# WHAT IS REQUIRED:
Run through the records and show each line that includes the string "Exterior".

BEGIN DATASET EXTRACT

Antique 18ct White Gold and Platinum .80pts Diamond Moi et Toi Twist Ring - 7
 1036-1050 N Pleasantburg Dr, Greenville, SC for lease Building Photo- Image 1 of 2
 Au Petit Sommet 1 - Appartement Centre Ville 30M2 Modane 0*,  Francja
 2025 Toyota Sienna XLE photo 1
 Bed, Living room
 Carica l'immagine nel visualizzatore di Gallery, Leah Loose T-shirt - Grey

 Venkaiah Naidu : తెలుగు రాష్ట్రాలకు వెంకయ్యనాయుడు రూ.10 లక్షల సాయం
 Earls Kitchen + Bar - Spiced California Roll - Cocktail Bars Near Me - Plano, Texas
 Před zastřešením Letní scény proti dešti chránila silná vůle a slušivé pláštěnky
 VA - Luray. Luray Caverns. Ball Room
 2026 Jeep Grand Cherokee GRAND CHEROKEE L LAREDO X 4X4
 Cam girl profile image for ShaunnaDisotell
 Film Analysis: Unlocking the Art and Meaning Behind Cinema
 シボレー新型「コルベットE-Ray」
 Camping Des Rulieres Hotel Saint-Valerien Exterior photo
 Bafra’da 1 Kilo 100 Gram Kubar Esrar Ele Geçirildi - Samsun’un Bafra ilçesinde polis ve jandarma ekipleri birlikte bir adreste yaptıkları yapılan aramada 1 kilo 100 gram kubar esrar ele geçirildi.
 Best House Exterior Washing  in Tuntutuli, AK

END DATASET EXTRACT

# WRITTEN REPLY:
 Camping Des Rulieres Hotel Saint-Valerien Exterior photo
 Best House Exterior Washing  in Tuntutuli, AK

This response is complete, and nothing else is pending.